Member of the Maine House of Representatives from the 67th district
- In office December 3, 2014 – December 7, 2022
- Preceded by: Anne Graham
- Succeeded by: Shelley Rudnicki

Member of the Maine House of Representatives from the 109th district
- In office December 2002 – December 2010
- Preceded by: Clifton E. Foster
- Succeeded by: Anne Graham

Personal details
- Party: Republican
- Spouse: Ernest
- Education: Bliss College

= Susan Austin =

American politician

Susan M. Austin is an American politician from Maine.

== Education ==
Austin earned an A.A. from Bliss College in Lewiston, Maine.

== Political career ==
A Republican, Austin has represented the town of Gray, in the Maine House of Representatives since 2014. She previously held the same seat from 2002 to 2010. In 2010, she was unable to seek re-election in 2010 due to term-limits. She has also served on the Gray Town Council as well as on the MSAD 15 School Board.
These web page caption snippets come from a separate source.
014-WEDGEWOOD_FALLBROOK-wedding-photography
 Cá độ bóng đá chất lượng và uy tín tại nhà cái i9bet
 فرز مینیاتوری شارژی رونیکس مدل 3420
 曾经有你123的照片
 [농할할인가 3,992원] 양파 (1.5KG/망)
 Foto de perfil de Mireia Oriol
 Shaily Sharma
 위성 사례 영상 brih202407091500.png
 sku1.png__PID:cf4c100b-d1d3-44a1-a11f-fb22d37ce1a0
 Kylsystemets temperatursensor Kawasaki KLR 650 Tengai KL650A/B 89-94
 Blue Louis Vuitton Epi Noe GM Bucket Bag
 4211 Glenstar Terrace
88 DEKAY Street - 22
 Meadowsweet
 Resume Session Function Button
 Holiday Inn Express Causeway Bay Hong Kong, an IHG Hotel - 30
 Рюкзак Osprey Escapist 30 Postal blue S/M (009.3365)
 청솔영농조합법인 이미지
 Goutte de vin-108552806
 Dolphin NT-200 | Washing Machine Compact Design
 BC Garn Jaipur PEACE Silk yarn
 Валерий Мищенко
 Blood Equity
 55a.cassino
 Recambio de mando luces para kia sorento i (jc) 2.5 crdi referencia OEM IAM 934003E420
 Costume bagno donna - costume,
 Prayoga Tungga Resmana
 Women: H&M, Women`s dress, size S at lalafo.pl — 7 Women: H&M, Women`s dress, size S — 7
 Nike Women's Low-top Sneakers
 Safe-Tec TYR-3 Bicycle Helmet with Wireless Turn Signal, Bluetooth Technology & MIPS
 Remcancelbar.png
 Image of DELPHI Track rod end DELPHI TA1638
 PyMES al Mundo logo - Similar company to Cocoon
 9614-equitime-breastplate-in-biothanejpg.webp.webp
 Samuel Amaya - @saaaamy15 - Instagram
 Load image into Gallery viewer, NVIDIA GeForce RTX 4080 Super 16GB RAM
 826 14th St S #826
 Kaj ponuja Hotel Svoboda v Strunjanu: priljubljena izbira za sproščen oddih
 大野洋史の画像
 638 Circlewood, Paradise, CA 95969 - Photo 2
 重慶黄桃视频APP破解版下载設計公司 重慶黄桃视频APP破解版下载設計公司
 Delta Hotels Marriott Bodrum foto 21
Austin ran again for the District 109 seat in 2012 but lost by 35 votes to incumbent Democrat Anne Graham. She ran once more in 2014 and won the seat, which opened when Anne Graham did not seek re-election.

Austin is a candidate in the 2024 Maine House of Representatives election for District 105.

== Personal life ==
She and her husband have four children.